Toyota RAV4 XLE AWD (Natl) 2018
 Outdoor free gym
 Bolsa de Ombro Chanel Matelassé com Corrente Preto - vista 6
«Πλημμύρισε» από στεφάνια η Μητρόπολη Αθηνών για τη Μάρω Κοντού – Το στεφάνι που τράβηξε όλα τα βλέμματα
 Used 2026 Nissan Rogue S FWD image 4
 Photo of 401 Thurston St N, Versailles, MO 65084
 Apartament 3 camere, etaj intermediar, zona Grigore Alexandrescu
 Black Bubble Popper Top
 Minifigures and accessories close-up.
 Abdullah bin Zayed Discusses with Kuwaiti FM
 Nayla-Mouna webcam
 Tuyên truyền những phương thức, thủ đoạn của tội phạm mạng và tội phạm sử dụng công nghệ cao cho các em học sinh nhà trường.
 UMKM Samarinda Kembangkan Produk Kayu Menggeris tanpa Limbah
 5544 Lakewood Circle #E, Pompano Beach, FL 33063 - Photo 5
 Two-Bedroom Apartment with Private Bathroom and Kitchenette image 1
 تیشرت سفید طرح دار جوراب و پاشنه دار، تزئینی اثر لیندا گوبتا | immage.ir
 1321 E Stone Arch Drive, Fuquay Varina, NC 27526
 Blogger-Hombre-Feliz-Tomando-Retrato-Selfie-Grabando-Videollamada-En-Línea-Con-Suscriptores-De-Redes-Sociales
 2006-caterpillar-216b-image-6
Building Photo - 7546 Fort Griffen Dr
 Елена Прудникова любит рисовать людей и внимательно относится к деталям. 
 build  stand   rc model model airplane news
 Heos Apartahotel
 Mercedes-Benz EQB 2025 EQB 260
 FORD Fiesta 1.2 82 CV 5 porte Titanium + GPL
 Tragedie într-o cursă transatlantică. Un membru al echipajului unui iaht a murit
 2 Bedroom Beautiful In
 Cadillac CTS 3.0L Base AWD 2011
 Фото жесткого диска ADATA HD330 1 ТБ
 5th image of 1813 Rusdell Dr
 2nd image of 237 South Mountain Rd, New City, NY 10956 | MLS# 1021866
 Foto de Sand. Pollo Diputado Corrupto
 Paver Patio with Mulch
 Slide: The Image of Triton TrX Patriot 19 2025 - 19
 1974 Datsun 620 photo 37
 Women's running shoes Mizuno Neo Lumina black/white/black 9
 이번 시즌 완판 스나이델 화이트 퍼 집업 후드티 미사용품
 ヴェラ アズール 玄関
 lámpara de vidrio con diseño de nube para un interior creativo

### Your goal:
Begin at the first line of the entries above and copy every line exactly, ending with the line that contains "Елена Прудникова любит".

### Response area:
Toyota RAV4 XLE AWD (Natl) 2018
 Outdoor free gym
 Bolsa de Ombro Chanel Matelassé com Corrente Preto - vista 6
«Πλημμύρισε» από στεφάνια η Μητρόπολη Αθηνών για τη Μάρω Κοντού – Το στεφάνι που τράβηξε όλα τα βλέμματα
 Used 2026 Nissan Rogue S FWD image 4
 Photo of 401 Thurston St N, Versailles, MO 65084
 Apartament 3 camere, etaj intermediar, zona Grigore Alexandrescu
 Black Bubble Popper Top
 Minifigures and accessories close-up.
 Abdullah bin Zayed Discusses with Kuwaiti FM
 Nayla-Mouna webcam
 Tuyên truyền những phương thức, thủ đoạn của tội phạm mạng và tội phạm sử dụng công nghệ cao cho các em học sinh nhà trường.
 UMKM Samarinda Kembangkan Produk Kayu Menggeris tanpa Limbah
 5544 Lakewood Circle #E, Pompano Beach, FL 33063 - Photo 5
 Two-Bedroom Apartment with Private Bathroom and Kitchenette image 1
 تیشرت سفید طرح دار جوراب و پاشنه دار، تزئینی اثر لیندا گوبتا | immage.ir
 1321 E Stone Arch Drive, Fuquay Varina, NC 27526
 Blogger-Hombre-Feliz-Tomando-Retrato-Selfie-Grabando-Videollamada-En-Línea-Con-Suscriptores-De-Redes-Sociales
 2006-caterpillar-216b-image-6
Building Photo - 7546 Fort Griffen Dr
 Елена Прудникова любит рисовать людей и внимательно относится к деталям. 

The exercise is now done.